I know the Newbery Committee needs to read fast, so I forgive them. It took some stewing to work myself up into this blog post. And some thinking maybe I should just ignore it. And some deciding I couldn’t.

As I read, I thought about how glad I was that I hadn’t encountered this book as a child, when no doubt it would have put me in tears for days about the eternal unfairness of having been born female, as so many books did. Sorry, Mom and Dad. I was a sensitive child, born eerily attuned to the inequalities of gender.

As I read, I got really upset anyway. By getting married, had I in fact turned my life over to my husband? Would children erase any part of me that mattered?

I had to consciously pull myself out of that slump, remind myself that I have a pretty sweet deal in a husband who does all the cooking and has never once expected me to do his laundry. For that, I can thank the mother-in-law who raised him to be self-reliant.

I realized that the book felt like many a frustrating conversation with a second-wave colleague who just can’t believe my husband’s entire goal in life isn’t to actively oppress me.

The history of feminism is divided into waves, and most unfortunately, Second Wave Feminism is the only one the general public is familiar with, so here’s a very simplified sketch.

First Wave Feminism refers to Susan B. Anthony and Elizabeth Cady Stanton and the Pankhursts and the Vote. Second Wave Feminism refers to the movement of the 1960s and 1970s.

Third and Fourth Wave Feminism, which are what we’re on now depending on who you talk to, recognizes the gigantic “oops” of Second Wave Feminism.

Second Wave Feminism did a lot of great things. It was necessary. It threw a wrench into the male domination of everything. It had to happen. It also devalued everything women had done, been, or valued since time began. Everything female or feminine was abandoned as less worthy.

The price of liberation was self-hatred.

Maybe there wasn’t another way. But there is another way now, a healing way.

I am not disputing the facts of history at all. Being a woman has, for most of history, been a pretty bad deal. What I dispute is the idea that in order to be free, we have to hate who we are, we have to abandon all aspects of ourselves that are feminine, we have to become like men.

That is what’s presented in this book and in the far too many like it. The protagonist is positively proud of any feminine skill she isn’t good at.
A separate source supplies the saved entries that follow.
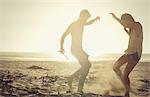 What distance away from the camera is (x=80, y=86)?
2955 mm

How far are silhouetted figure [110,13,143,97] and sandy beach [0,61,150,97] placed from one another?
42mm

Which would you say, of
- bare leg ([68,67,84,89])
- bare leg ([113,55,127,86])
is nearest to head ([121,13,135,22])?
bare leg ([113,55,127,86])

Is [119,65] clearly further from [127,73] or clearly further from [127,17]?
[127,17]

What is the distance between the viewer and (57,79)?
2.99 m

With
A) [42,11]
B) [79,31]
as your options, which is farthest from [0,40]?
[79,31]

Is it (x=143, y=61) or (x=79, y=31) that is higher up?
(x=79, y=31)

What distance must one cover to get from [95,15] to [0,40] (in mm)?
852

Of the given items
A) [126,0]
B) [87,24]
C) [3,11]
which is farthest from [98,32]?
[3,11]

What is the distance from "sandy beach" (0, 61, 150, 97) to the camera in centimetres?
293

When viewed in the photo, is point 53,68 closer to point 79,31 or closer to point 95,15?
point 79,31

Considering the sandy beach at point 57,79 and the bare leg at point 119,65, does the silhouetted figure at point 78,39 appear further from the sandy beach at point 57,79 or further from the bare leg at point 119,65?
the bare leg at point 119,65

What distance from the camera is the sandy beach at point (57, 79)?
2932 mm

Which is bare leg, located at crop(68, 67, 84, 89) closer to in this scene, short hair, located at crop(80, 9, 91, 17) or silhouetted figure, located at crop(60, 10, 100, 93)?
silhouetted figure, located at crop(60, 10, 100, 93)

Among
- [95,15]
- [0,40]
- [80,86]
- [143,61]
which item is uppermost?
[95,15] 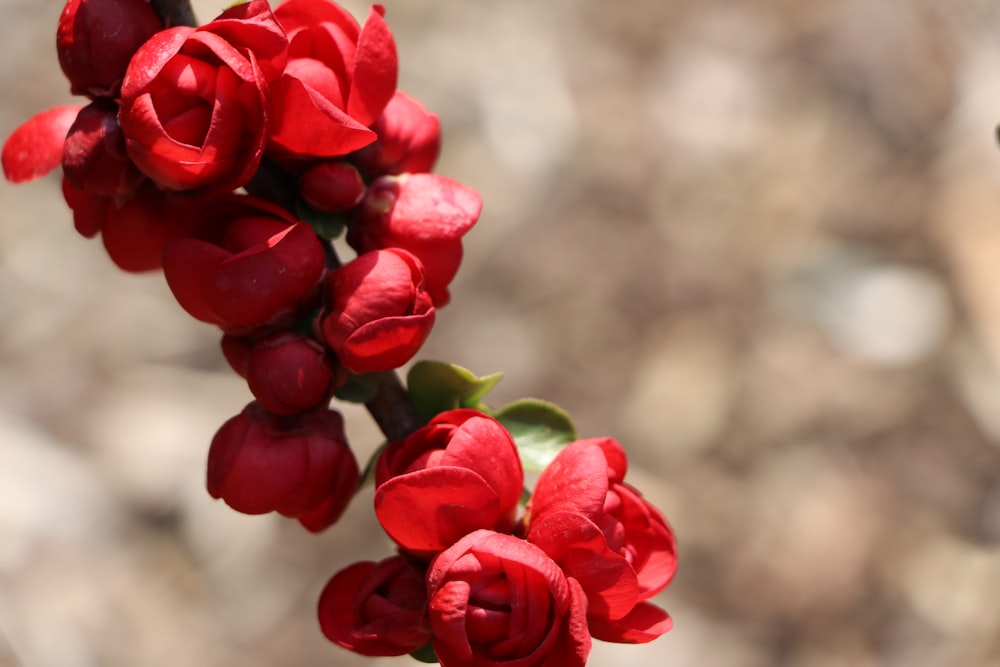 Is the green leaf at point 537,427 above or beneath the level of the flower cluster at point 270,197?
beneath

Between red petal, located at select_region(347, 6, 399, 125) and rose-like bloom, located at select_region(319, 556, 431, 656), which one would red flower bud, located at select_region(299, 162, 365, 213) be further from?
rose-like bloom, located at select_region(319, 556, 431, 656)

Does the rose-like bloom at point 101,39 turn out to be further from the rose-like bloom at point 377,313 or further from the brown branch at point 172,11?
the rose-like bloom at point 377,313

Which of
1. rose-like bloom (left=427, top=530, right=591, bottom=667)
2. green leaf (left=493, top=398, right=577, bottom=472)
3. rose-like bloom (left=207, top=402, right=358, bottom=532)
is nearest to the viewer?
rose-like bloom (left=427, top=530, right=591, bottom=667)

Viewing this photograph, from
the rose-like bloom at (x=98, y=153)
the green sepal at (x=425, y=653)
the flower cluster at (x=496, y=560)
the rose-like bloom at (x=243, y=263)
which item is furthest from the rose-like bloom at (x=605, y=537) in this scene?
the rose-like bloom at (x=98, y=153)

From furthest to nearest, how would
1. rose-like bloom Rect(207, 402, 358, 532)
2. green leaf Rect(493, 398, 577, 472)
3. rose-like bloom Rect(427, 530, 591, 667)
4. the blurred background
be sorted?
1. the blurred background
2. green leaf Rect(493, 398, 577, 472)
3. rose-like bloom Rect(207, 402, 358, 532)
4. rose-like bloom Rect(427, 530, 591, 667)

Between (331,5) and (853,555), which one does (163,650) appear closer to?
(853,555)

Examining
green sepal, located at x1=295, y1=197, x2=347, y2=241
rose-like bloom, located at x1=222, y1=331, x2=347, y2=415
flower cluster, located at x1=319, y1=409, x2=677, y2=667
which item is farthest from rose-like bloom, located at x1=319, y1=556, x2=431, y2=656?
green sepal, located at x1=295, y1=197, x2=347, y2=241

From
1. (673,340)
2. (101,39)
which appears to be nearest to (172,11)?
(101,39)

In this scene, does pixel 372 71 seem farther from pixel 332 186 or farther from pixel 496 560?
pixel 496 560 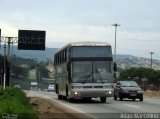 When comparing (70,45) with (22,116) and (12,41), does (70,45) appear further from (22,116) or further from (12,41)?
(12,41)

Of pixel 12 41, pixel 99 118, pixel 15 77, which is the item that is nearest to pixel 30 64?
pixel 15 77

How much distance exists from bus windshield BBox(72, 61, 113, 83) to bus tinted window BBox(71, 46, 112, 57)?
51cm

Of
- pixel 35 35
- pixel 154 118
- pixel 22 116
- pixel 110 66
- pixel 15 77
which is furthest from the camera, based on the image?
pixel 15 77

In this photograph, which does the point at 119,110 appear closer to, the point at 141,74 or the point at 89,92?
the point at 89,92

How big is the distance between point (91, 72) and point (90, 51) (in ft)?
4.59

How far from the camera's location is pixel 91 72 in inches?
1314

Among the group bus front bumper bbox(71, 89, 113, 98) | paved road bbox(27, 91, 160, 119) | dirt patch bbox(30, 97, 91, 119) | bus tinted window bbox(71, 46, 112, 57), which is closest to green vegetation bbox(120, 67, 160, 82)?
bus tinted window bbox(71, 46, 112, 57)

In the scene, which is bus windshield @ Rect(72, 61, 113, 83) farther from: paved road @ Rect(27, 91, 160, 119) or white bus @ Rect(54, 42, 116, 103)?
paved road @ Rect(27, 91, 160, 119)

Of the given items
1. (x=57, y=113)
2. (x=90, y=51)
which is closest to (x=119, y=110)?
(x=57, y=113)

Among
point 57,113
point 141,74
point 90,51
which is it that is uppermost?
point 141,74

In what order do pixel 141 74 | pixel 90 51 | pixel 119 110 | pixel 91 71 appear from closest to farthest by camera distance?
pixel 119 110 → pixel 91 71 → pixel 90 51 → pixel 141 74

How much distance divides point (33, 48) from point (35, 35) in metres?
1.96

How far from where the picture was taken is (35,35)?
216 ft

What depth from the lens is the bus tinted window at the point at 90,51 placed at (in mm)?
33500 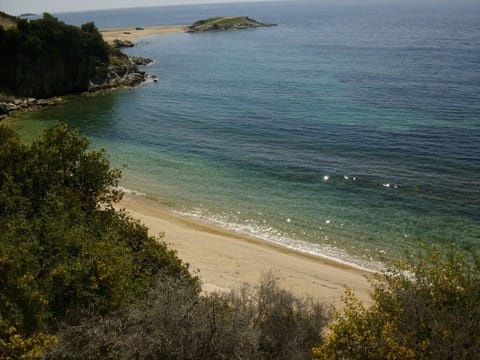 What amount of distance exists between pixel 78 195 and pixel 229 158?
19901 millimetres

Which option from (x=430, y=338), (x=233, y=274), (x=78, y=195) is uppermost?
(x=78, y=195)

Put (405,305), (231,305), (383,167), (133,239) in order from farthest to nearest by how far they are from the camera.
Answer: (383,167) → (133,239) → (231,305) → (405,305)

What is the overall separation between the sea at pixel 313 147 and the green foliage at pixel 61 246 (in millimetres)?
9607

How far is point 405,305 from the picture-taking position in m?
11.5

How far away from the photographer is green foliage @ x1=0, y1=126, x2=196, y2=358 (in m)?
11.6

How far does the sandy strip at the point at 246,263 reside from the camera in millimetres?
19219

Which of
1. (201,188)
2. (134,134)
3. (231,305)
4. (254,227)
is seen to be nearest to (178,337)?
(231,305)

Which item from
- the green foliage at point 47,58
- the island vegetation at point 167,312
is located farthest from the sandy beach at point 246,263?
the green foliage at point 47,58

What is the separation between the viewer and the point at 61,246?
45.5 feet

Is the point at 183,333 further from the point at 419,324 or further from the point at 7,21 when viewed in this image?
the point at 7,21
I kind of want to tell her that lots of people suck at knitting, myself included, and it’s really not that big of an accomplishment. She’s proud of tripping and getting dirty. Being clumsy isn’t that big of an accomplishment either, sweetheart. Neither is making a soggy apple pie.

What really bothers me about this book, though, is the way the protagonist positively reviles her mother and the family housekeeper—the only other women in the house—in favor of her male relatives.

Yeah, she has a housekeeper. Her life is way hard.

I was hoping throughout that there would be a turnaround, some realization that the older women in her life are valuable people who do valuable things, even if they aren’t the things she wants to do. I wanted to shout at her something along the lines of, “If they don’t cook, you don’t eat! If they don’t mend your clothes, you go naked!”

There is not one single positive female character in this book.

It would have made me cry as a little girl. It almost made me cry as a grown woman.

These are not the stories we need.

These stories will not heal the self-hatred that was the cost of our freedom.

As women, especially as female authors, we need to show love and compassion toward each other and toward our foremothers. We don’t need to lambast them in fiction for doing the best they could in the world they had to live in. Certainly we should be honest about the challenges and limitations of that world. But we should honor what they achieved within and despite that world, even if their only accomplishment was a happy life. That in itself is no small thing.

There’s nothing wrong with ruffles and pink. Nothing inherently demeaning about valuable life skills like knitting and cooking and managing a household. But the self-hatred continues to fester.

Little girls don’t need more books about how horrible it is to be a little girl. We have plenty.

Stop giving them awards, Newbery Committee.